=== ASSIGNMENT ===
Each line below from the one containing "Vineyard Vines Boys" through the one containing "heeft betrekking op" is to be given again exactly, and no line outside that span.

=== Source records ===
▼

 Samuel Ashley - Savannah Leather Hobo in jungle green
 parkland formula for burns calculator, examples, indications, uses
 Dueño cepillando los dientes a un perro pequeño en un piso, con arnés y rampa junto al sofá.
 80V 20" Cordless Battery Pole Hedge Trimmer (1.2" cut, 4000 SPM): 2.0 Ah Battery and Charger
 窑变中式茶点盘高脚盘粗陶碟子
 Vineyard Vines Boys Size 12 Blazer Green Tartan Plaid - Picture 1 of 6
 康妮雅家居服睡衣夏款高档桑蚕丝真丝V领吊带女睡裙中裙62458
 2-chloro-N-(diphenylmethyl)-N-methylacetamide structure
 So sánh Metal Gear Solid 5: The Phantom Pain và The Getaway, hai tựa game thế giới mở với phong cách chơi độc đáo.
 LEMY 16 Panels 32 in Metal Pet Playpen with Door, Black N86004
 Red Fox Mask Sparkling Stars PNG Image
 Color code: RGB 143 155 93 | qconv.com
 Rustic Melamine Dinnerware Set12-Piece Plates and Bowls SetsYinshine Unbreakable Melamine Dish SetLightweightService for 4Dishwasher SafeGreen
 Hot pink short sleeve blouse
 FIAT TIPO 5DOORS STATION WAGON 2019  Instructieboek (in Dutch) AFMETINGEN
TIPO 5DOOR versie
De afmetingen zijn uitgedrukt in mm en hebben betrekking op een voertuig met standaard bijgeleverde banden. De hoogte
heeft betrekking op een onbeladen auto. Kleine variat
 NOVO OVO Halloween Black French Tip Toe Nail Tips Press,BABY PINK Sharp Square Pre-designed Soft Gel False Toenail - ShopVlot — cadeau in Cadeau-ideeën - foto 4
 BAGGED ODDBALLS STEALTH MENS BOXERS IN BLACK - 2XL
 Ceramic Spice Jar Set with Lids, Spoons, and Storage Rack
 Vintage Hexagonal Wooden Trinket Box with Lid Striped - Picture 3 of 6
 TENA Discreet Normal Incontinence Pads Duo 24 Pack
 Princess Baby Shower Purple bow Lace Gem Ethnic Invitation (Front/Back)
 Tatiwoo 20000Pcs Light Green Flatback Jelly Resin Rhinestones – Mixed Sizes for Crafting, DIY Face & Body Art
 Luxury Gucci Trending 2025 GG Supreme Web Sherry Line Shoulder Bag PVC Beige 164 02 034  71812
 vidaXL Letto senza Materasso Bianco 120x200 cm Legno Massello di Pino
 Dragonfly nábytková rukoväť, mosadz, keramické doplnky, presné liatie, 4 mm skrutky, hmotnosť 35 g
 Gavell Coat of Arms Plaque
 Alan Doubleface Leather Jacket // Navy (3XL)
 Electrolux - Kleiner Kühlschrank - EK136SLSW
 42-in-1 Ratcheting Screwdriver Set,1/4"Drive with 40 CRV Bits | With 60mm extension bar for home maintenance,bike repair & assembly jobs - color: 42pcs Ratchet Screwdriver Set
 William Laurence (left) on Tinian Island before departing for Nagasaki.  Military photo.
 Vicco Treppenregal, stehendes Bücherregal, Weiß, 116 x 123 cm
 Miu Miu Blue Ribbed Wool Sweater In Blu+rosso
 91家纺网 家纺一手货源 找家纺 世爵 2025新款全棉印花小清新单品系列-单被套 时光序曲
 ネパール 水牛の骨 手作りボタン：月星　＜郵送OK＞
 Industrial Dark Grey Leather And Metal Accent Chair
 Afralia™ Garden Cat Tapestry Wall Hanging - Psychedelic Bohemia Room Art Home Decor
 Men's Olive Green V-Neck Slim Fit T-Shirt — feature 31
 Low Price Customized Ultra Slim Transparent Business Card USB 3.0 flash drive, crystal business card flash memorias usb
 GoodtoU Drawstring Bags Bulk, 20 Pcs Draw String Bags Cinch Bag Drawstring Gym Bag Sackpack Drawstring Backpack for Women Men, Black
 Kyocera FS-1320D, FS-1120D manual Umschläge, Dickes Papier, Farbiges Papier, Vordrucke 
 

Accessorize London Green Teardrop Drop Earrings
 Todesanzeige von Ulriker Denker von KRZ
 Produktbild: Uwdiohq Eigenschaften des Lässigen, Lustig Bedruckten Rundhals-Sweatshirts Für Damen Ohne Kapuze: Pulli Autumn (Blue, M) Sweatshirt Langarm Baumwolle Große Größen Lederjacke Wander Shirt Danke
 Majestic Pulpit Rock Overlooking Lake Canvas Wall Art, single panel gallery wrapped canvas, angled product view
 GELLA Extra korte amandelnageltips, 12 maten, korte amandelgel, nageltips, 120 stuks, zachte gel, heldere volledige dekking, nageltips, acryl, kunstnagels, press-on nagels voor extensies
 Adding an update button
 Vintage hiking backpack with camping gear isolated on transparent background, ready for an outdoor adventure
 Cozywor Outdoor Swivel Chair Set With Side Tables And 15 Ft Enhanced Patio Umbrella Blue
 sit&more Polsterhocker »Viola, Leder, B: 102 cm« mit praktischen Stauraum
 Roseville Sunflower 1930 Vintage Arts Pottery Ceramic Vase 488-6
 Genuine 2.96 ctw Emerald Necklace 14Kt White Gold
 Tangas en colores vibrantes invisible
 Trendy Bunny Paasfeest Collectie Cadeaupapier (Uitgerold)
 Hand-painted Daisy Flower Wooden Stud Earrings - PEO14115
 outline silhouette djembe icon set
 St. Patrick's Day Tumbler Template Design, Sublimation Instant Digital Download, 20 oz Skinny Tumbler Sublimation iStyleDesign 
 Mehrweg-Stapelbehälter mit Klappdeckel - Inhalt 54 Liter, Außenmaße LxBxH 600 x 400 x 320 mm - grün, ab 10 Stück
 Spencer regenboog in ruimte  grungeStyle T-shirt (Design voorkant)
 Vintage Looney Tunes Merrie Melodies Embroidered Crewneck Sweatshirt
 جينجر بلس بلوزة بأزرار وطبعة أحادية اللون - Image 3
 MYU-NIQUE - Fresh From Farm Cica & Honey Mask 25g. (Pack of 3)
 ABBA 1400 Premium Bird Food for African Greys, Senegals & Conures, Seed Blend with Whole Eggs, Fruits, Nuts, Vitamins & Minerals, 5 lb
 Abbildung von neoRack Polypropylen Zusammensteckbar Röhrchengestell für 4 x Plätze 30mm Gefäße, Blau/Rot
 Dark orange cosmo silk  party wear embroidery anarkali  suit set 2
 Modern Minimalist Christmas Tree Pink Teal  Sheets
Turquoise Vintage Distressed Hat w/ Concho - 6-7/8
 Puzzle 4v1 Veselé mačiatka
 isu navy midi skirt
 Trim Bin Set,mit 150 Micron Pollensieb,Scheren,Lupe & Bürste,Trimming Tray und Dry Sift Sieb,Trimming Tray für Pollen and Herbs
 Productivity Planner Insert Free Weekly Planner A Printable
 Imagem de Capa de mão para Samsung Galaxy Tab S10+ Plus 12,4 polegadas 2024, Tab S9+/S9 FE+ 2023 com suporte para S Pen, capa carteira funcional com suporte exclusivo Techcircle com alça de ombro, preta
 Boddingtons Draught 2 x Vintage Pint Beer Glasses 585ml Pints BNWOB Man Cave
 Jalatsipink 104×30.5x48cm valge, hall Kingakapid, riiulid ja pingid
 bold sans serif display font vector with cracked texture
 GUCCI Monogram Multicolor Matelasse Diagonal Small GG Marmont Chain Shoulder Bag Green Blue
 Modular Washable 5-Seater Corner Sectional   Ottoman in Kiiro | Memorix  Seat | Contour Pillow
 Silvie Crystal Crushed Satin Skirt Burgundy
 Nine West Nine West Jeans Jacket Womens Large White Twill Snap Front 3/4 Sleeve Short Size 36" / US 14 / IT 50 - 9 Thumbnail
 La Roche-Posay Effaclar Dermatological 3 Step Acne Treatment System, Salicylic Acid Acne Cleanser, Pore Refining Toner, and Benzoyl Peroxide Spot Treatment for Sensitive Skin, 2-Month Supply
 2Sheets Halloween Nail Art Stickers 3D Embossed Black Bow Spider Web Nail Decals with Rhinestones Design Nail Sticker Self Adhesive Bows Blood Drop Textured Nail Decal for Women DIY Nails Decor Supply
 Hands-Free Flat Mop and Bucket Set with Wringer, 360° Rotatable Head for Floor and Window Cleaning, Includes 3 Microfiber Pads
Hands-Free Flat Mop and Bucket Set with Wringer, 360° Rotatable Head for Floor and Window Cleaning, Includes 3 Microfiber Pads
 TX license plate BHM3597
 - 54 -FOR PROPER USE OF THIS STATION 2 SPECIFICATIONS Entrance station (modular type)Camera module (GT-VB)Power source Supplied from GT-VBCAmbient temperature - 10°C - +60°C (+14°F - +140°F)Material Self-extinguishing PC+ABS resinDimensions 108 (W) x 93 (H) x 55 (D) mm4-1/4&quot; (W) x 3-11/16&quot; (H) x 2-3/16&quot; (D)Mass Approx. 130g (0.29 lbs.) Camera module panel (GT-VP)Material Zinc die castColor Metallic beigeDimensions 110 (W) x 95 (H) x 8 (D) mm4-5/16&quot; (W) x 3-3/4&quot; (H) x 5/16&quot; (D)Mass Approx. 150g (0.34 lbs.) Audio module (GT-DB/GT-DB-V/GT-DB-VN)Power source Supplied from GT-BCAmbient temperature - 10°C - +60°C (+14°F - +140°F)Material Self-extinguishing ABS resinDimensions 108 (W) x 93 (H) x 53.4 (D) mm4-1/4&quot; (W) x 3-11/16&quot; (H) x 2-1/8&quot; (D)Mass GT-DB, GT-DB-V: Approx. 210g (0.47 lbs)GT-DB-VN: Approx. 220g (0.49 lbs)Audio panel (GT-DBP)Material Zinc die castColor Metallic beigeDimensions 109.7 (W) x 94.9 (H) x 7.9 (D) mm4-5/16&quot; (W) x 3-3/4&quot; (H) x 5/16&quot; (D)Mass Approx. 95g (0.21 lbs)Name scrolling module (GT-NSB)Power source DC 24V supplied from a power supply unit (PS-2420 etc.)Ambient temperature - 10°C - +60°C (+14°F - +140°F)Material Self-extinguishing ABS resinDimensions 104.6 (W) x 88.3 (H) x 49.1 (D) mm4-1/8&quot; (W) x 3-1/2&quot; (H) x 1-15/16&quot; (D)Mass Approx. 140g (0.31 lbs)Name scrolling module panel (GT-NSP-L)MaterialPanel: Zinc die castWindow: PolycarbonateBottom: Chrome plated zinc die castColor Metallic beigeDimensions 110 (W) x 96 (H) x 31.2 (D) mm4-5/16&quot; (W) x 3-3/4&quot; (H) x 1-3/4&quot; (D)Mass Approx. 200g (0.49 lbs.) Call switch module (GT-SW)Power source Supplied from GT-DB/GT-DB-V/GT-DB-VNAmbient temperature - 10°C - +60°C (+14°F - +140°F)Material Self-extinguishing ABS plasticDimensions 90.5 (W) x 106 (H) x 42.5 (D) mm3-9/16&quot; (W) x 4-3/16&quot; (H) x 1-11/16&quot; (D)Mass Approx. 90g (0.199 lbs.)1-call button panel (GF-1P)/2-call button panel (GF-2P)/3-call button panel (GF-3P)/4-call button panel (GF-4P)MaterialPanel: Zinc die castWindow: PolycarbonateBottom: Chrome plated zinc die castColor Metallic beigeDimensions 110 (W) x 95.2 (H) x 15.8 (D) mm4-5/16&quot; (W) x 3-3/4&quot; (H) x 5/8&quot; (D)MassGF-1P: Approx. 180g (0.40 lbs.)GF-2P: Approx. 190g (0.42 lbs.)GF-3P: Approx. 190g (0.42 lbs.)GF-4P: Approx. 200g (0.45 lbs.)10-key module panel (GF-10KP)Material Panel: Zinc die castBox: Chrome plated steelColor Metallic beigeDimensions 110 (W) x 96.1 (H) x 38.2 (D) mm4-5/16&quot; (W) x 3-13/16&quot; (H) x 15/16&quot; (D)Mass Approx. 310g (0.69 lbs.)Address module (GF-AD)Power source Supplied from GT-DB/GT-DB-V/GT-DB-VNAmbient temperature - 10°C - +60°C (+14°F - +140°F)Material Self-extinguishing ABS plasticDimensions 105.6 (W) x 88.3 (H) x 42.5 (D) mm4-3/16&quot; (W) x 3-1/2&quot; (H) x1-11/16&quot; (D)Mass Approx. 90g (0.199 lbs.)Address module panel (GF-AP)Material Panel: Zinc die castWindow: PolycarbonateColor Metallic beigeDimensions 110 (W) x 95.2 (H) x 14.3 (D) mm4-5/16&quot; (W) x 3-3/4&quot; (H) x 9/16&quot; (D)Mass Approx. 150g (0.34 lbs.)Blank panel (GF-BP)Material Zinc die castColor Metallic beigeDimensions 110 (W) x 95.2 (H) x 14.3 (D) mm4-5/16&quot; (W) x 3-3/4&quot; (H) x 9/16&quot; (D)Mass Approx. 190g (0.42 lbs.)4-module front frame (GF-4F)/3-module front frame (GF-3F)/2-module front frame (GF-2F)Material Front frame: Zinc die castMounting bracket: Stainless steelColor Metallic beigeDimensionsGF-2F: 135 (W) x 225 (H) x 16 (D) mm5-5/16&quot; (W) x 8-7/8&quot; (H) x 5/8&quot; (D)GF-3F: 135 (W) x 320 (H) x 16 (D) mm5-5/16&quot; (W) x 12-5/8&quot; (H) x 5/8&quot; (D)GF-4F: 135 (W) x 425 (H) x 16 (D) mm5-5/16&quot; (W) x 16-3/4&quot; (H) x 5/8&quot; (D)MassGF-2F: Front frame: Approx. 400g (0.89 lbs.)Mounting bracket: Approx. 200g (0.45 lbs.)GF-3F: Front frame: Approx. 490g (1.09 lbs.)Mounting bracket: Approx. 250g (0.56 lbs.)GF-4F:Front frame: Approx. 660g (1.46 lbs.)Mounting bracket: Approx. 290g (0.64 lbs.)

▲

=== RESULT OF THE TASK ===
 Vineyard Vines Boys Size 12 Blazer Green Tartan Plaid - Picture 1 of 6
 康妮雅家居服睡衣夏款高档桑蚕丝真丝V领吊带女睡裙中裙62458
 2-chloro-N-(diphenylmethyl)-N-methylacetamide structure
 So sánh Metal Gear Solid 5: The Phantom Pain và The Getaway, hai tựa game thế giới mở với phong cách chơi độc đáo.
 LEMY 16 Panels 32 in Metal Pet Playpen with Door, Black N86004
 Red Fox Mask Sparkling Stars PNG Image
 Color code: RGB 143 155 93 | qconv.com
 Rustic Melamine Dinnerware Set12-Piece Plates and Bowls SetsYinshine Unbreakable Melamine Dish SetLightweightService for 4Dishwasher SafeGreen
 Hot pink short sleeve blouse
 FIAT TIPO 5DOORS STATION WAGON 2019  Instructieboek (in Dutch) AFMETINGEN
TIPO 5DOOR versie
De afmetingen zijn uitgedrukt in mm en hebben betrekking op een voertuig met standaard bijgeleverde banden. De hoogte
heeft betrekking op een onbeladen auto. Kleine variat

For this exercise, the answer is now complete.